But the element I was sure of was that her name, Porshai, would be stitched into the top. So I pulled out some graph paper and got started.
The edge is a Latvian braid, which I think is a bit sturdier than a simple cast-on or ribbing. And when a stocking is loaded with presents, one needs a sturdy edge!
The braided cuff edge, heel flap, and toe would all include green and red, just as some foot socks incorporate contrasting colors for those components. The two-row stripes on the Eye of Partridge heel have a houndstooth check look.
For the design motifs (that’s redundant, isn’t it?), I wanted to include some general wintery, Christmas themes with occasional personalization. Starting at the top, on the back side:
- two hearts, representing the love of Ben and Porshai, fit nicely between the start and end of her name;
- green and red holly follows
- two golden keys are next, symbols of St. Peter, who has special meaning to Ben and Porshai, whose lives are grounded in faith. Of course, Peter is also referred to as the rock of the church, but a rock isn’t a particularly attractive motif.

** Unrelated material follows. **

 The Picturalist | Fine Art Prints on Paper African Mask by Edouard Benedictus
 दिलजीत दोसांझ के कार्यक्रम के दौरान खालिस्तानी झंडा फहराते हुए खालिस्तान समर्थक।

- reindeer leap around the lower leg
On the front,
- an angel stretches her arms and wings in wide welcome, symbolizing the embracing love of this phenomenal woman who has joined our family
- a snowflake on a red background (after all, she — and we — live in New England)
- light and dark blue speckles mimic the pattern of the red border around the holly
- green and red stripes make a reappearance on the toe
Just as I was finishing this post, Ben texted a photo of his and Porshai’s stockings hanging by the window. From this image, you might think hers is somewhat smaller than the usual stocking. But you’d be wrong.
Although she always said that she loves all her grandchildren equally (and bearing in mind that stocking size is not a measure of love), Mom/Nannie certainly conveyed her joy she felt at the birth of her first grandchild with the size of Ben’s stocking, which is nearly 3 feet (1m) long!
As with Porshai’s stocking, I’m sure there’s love knit into every stitch.